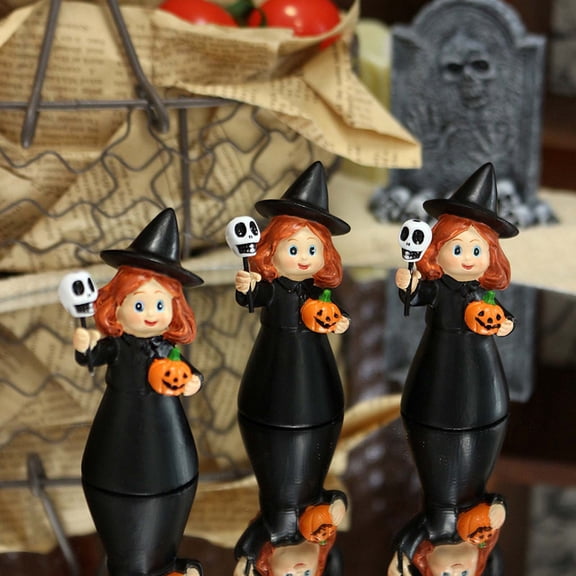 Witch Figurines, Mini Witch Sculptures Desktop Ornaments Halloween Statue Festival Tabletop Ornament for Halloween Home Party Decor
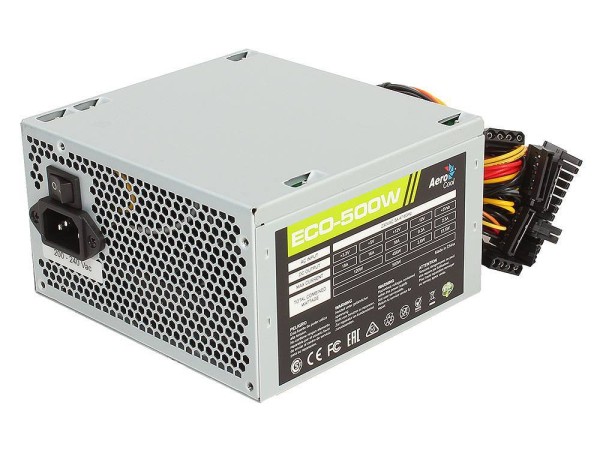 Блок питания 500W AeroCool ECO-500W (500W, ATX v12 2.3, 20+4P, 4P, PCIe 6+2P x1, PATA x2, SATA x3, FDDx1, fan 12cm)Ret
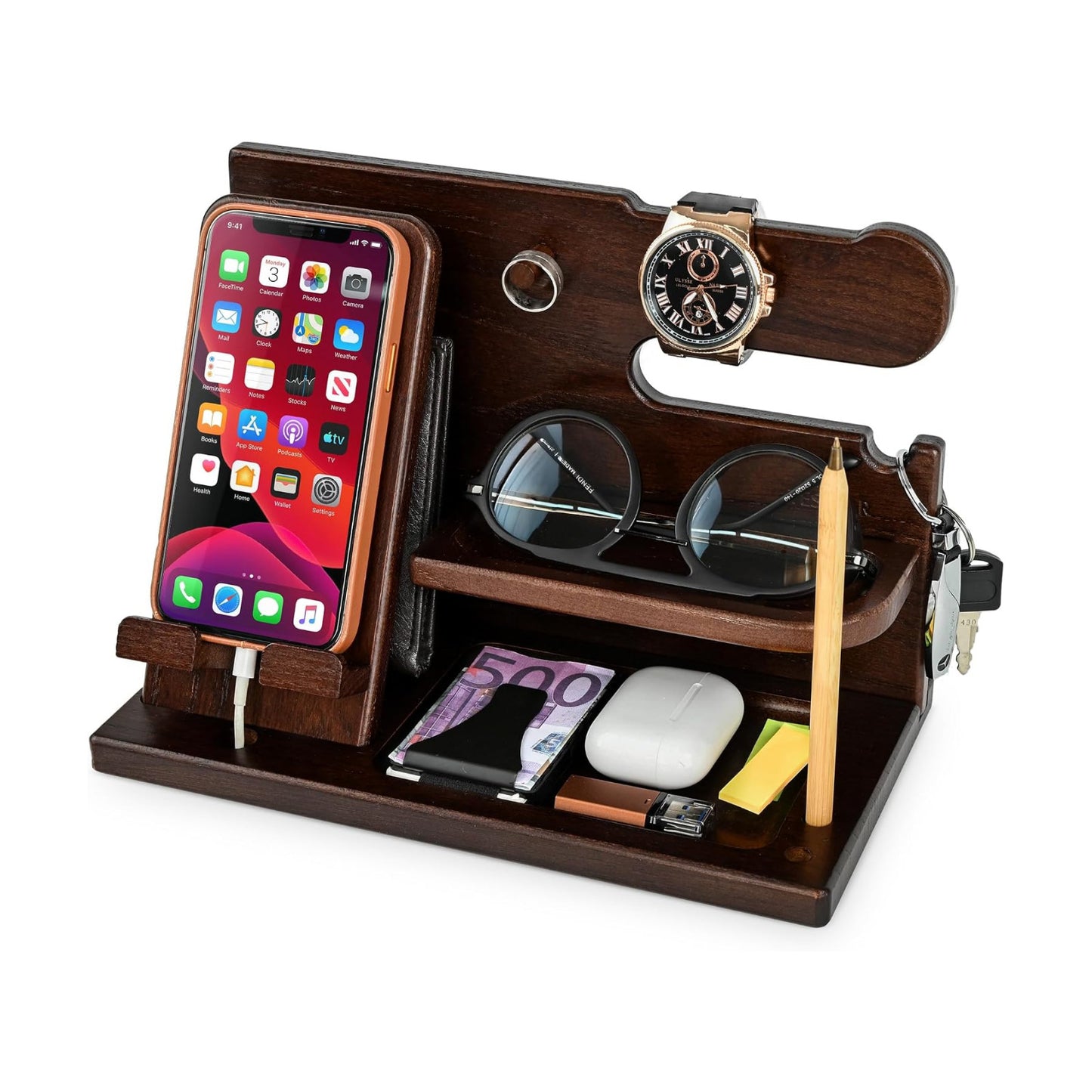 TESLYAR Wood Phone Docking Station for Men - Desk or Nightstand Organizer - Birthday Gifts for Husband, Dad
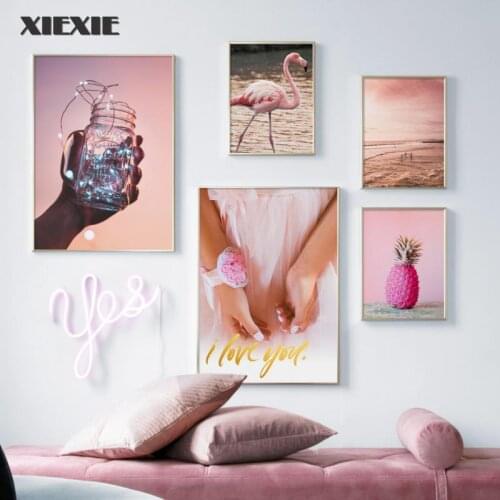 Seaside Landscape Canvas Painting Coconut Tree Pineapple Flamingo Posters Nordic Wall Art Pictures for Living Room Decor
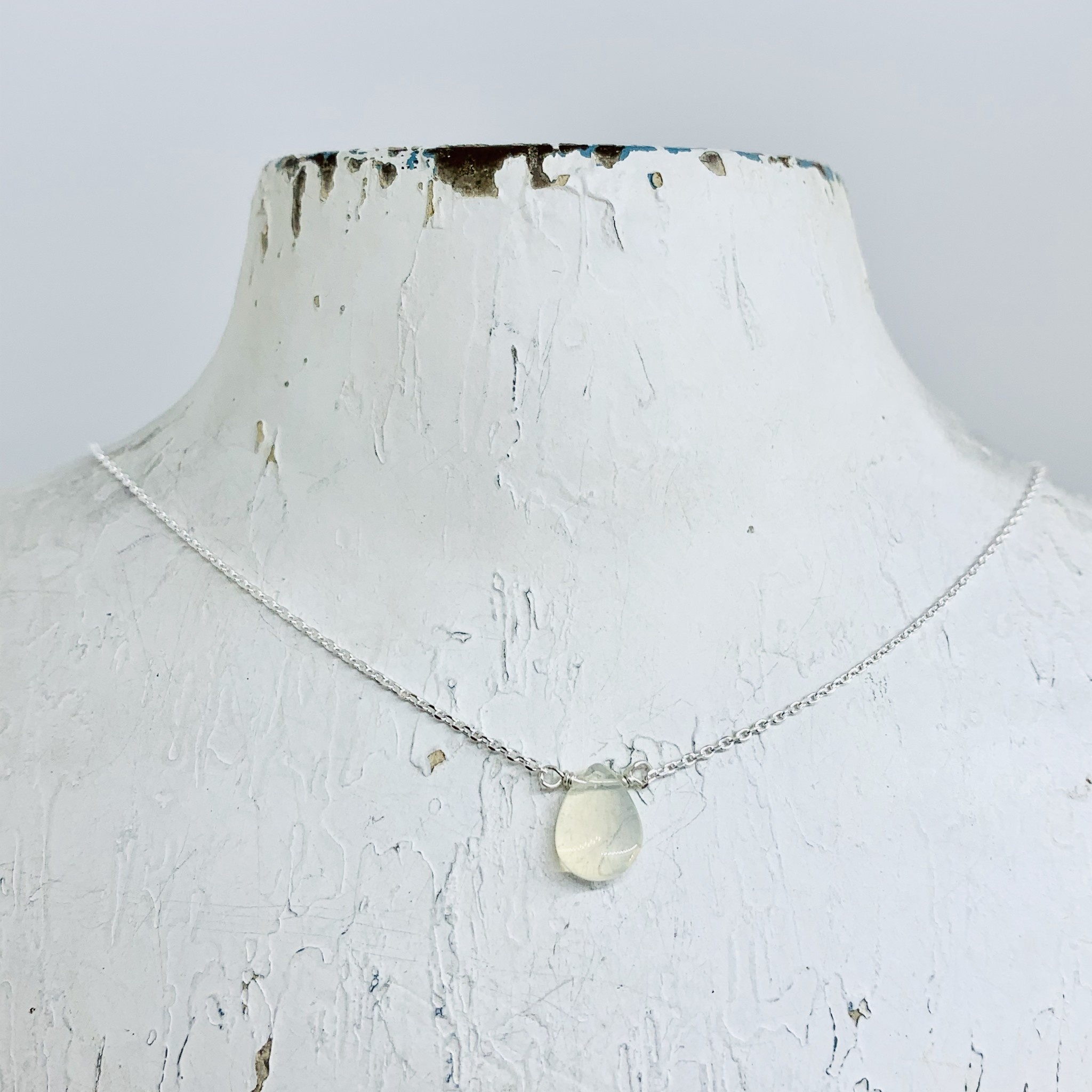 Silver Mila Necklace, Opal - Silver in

» REQUIRED WORK: A verbatim copy of every entry is wanted; the pictures stay out of it.

» RESULT BELOW:
 Witch Figurines, Mini Witch Sculptures Desktop Ornaments Halloween Statue Festival Tabletop Ornament for Halloween Home Party Decor
 Блок питания 500W AeroCool ECO-500W (500W, ATX v12 2.3, 20+4P, 4P, PCIe 6+2P x1, PATA x2, SATA x3, FDDx1, fan 12cm)Ret
 TESLYAR Wood Phone Docking Station for Men - Desk or Nightstand Organizer - Birthday Gifts for Husband, Dad
 Seaside Landscape Canvas Painting Coconut Tree Pineapple Flamingo Posters Nordic Wall Art Pictures for Living Room Decor
 Silver Mila Necklace, Opal - Silver in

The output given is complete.